A vast body of literature has resorted to saliency to measure attention, as a topological measure of the conspicuity of the different elements of a scene, i.e., the parts that were more likely to draw attention [1, 2]. While many efforts have been done in this regard for 2D content (e.g., conventional images [3,4,5] or \(360^{\circ }\) content [6,7,8]), much remains to be explored in 3D stimuli. Besides, 3D environments provide many cues that are not present on 2D, like motion parallax or vergence movements [9], and thus what is known from traditional media may not apply to 3D.

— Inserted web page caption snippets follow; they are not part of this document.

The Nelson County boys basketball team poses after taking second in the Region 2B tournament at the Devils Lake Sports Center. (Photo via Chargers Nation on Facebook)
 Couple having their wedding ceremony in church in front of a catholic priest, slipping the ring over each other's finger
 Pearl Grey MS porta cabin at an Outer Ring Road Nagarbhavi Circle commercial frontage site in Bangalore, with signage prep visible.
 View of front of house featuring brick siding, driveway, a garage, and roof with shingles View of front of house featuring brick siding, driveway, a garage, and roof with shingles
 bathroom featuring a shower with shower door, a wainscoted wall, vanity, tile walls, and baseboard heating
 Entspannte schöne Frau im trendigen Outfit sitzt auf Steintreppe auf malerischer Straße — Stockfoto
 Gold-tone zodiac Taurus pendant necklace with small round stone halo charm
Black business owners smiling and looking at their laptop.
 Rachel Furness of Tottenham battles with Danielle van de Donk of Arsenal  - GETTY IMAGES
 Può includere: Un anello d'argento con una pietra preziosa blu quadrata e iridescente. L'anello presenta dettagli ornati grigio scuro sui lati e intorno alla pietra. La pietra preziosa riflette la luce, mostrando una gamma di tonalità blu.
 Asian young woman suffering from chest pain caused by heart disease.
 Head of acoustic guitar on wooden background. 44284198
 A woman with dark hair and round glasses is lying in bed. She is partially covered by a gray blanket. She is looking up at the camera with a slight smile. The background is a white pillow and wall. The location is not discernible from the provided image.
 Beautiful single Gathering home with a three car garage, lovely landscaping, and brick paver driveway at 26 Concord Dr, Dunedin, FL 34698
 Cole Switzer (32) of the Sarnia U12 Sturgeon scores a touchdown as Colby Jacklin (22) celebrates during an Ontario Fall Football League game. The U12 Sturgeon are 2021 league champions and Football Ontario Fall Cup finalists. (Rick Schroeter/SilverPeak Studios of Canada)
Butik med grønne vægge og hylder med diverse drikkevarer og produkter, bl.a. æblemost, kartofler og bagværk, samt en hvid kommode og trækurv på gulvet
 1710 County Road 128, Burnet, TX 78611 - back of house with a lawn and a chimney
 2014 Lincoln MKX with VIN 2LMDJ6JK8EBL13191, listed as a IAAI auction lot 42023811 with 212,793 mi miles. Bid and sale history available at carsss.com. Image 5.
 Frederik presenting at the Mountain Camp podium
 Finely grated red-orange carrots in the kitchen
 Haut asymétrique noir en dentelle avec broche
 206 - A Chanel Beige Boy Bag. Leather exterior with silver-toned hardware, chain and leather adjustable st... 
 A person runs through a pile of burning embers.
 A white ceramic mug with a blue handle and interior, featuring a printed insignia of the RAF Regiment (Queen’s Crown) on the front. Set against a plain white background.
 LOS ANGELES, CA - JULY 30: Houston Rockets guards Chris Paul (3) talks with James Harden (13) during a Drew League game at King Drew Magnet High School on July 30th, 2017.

Several attempts have been made to analyze visual attention in 3D shapes. However, most of these attempts rely on hand-crafted operators and geometric cues, such as Gaussian curvatures, or global and local rarity, to determine which parts of a 3D mesh would attract more attention [10,11,12,13]. These approaches usually succeed in identifying the most conspicuous parts of the geometry, but still suffer from limited expressive capabilities, as they do not model the semantic and top-down cues that play a fundamental role in human viewing behavior. On the other hand, some other works have resorted to data-driven techniques [14,15,16] to create computational models of attention. Nevertheless, these works have been trained on datasets gathered in rather constrained conditions, far from natural viewing: In some cases, users were required to view static, 3D-printed figures without any possible movement [17] (i.e., using a chin-rest and within fixed distances and viewpoints), while in other cases, users had to view 2D displays that showed a limited number of viewpoints of the meshes [18]. While these works have shown the potential of data-driven techniques for attention modeling, none of them were trained on data that accurately captures natural, human viewing behavior.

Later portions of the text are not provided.